Now that you've diagnosed carotid stenosis,
how do we treat these patients?
Remember, most patients with carotid stenosis,
particularly when they’re symptomatic,
will require surgery.
We’ll go over the
surgical indications shortly.
Medical management include
both lifestyle changes
and pharmacologic risk reduction.
First, antiplatelet therapy,
whether that's aspirin or Plavix.
As you know,
cholesterol-lowering medications in
a statin group have particularly –
are particularly useful
for plaque stability.
Remember, we use statins in patients
with myocardial infarctions all the time.

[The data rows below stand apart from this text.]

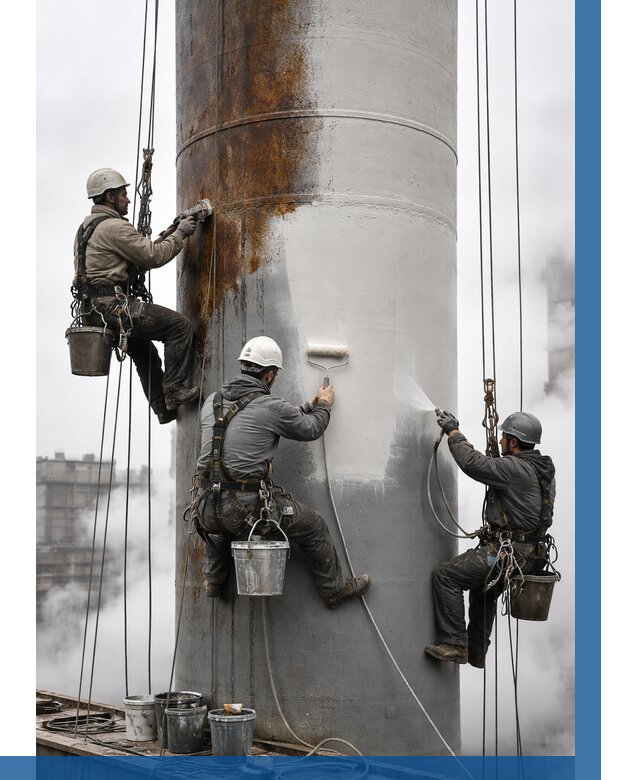 Покраска дымовых труб в Астрахани от 8735 р. | ВЫСОТНИК-Стр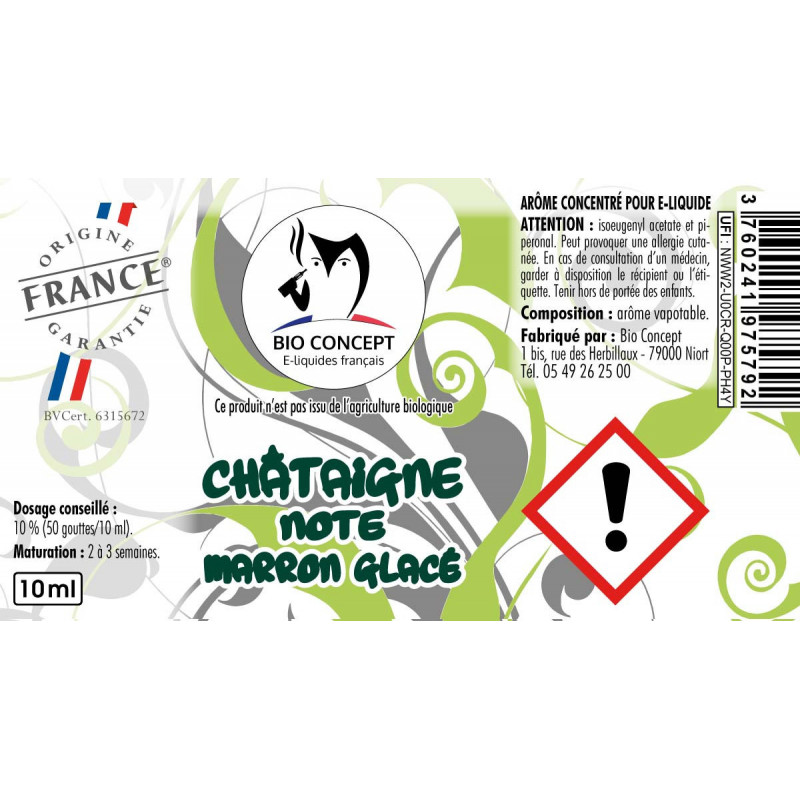 Châtaigne Note Marron Glacé Arôme DIY pour E-liquide
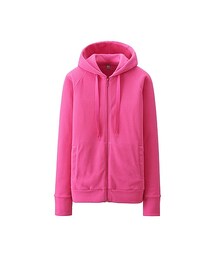 b2551【ユニクロ】レディース　ジャンパー　フルジップ　ハイネック　フリース UNIQLO（ユニクロ）の「フラッフィーフリースフルジップ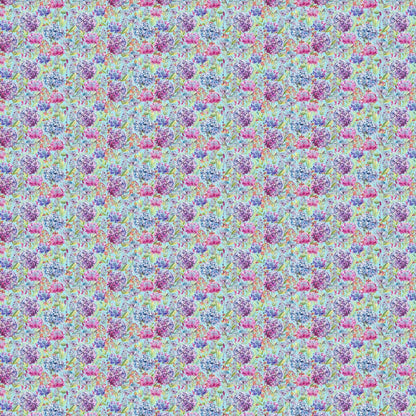 Hydrangea Aqua Lomond Pima Lawn Cotton - Dress Fabric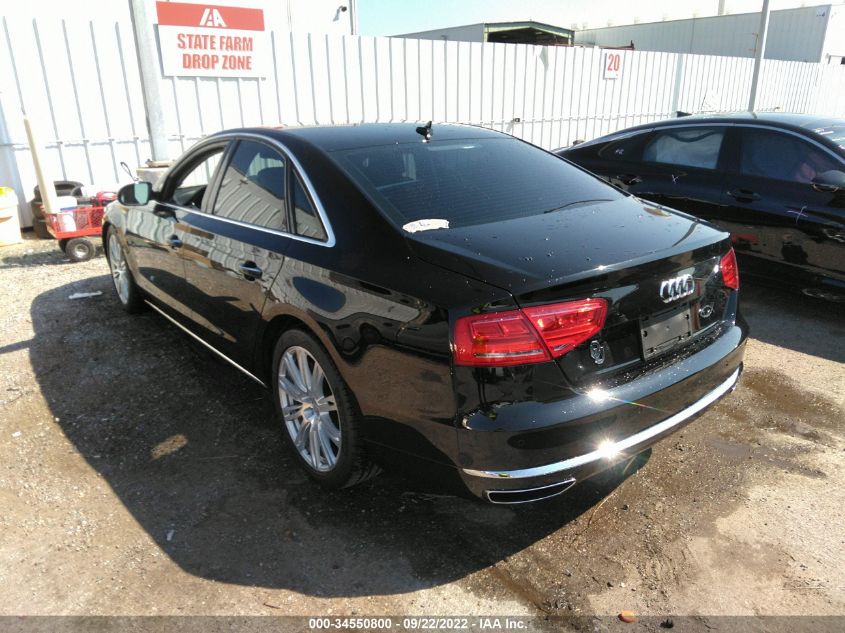 2014 AUDI A8 4.0T WAUA2AFD5EN011985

And reduce patient’s high blood
pressure, specifically beta blockers.
What about lifestyle changes?
Oftentimes much easier recommended
than actually achieved by our patients.
But if I were you,
I would recommend the patient stop smoking,
lose weight and decrease
their alcohol consumption.
Unfortunately, these are at best
Here are the indications for surgery.
Our decision tree for offering
patients with carotid stenosis surgery
is largely dependent on whether or
not the patient has symptoms.
Let's discuss symptomatic patients first.
In multiple prospective large trials,
symptomatic patients with
greater than 70% stenosis,
as diagnosed by your imaging modality of choice,
are usually recommended to have surgery.
Of course, patients have to have greater
than five years of life expectancy.
This is particularly important because
there are risks associated with the surgery,
specifically stroke risk.
As a surgeon,
before offering the surgery to your patients,
you must know your own complication rates.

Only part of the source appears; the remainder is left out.